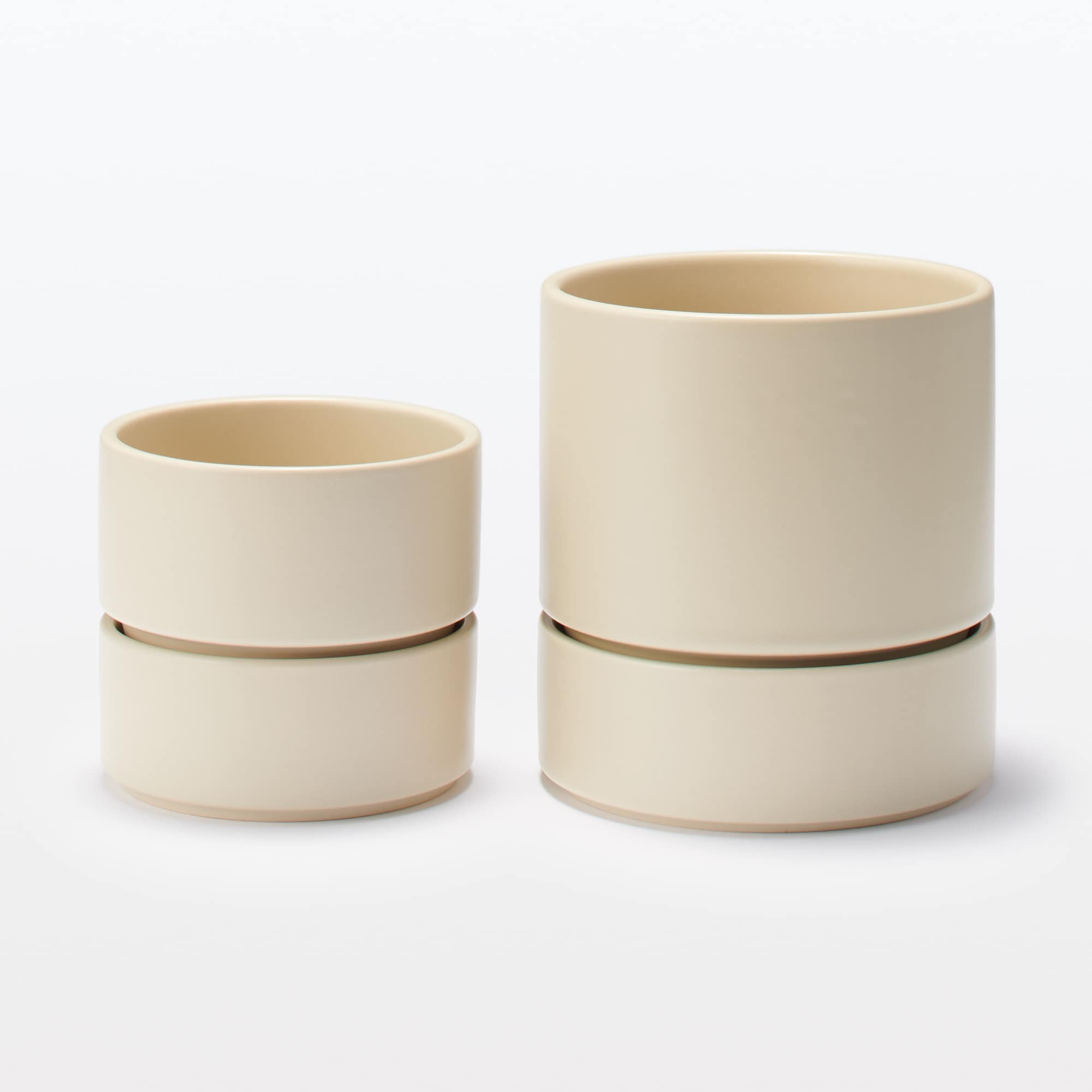 磁器鉢 4．5号 | 無印良品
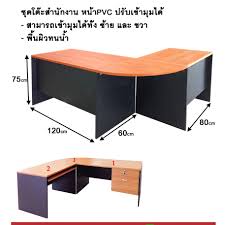 รุ่น Spider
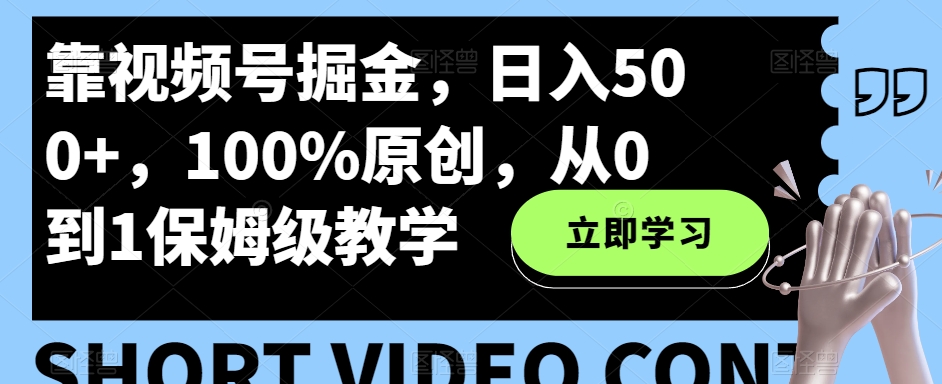 1701236350-22754e4b753b382 1701236350-22754e4b753b382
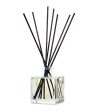 Kai Room Diffuser Online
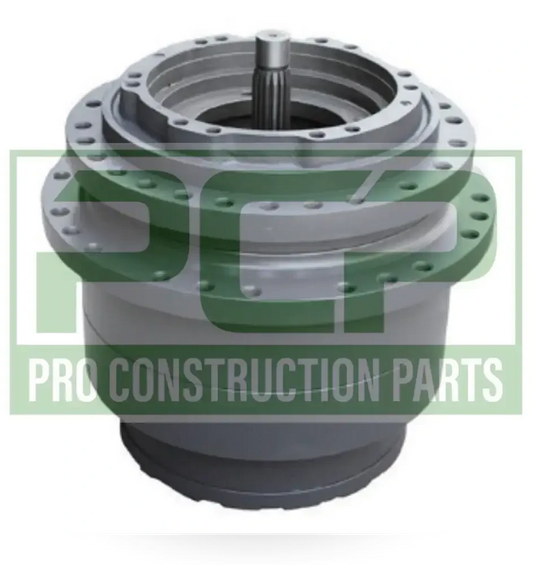Hyundai Travel Gearboxes Pro Construction Parts hyundai-travel-gearboxes-pro-construction-parts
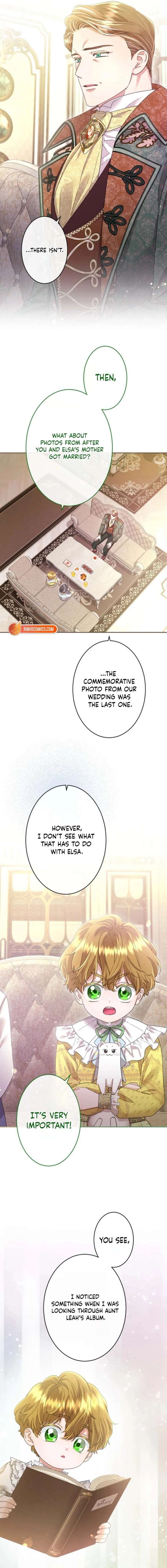 ch 134 5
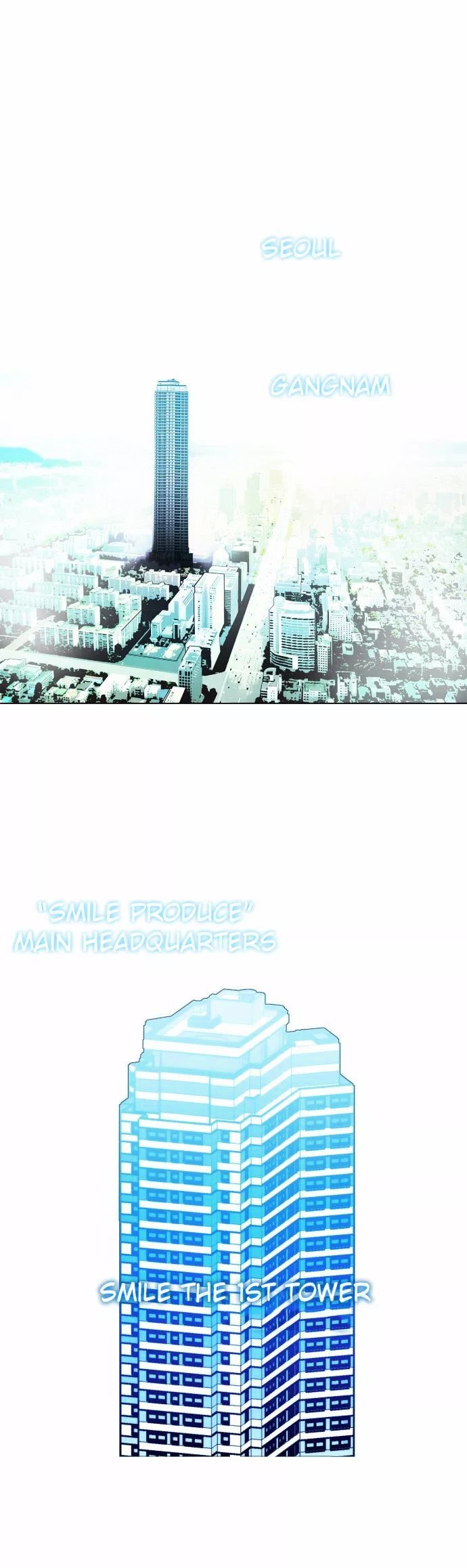 Chapter 12 - Image 5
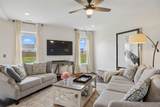 1002 Garrison Way - Photo 12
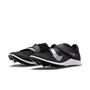 Nike Rival Jump Sprung-Spike f�r Leichtathletik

+-------+

Work required
Give the listing again word for word, without its images.

Task solution
 磁器鉢 4．5号 | 無印良品
 รุ่น Spider
 1701236350-22754e4b753b382 1701236350-22754e4b753b382
 Kai Room Diffuser Online
Hyundai Travel Gearboxes Pro Construction Parts hyundai-travel-gearboxes-pro-construction-parts
 ch 134 5
 Chapter 12 - Image 5
 1002 Garrison Way - Photo 12
 Nike Rival Jump Sprung-Spike f�r Leichtathletik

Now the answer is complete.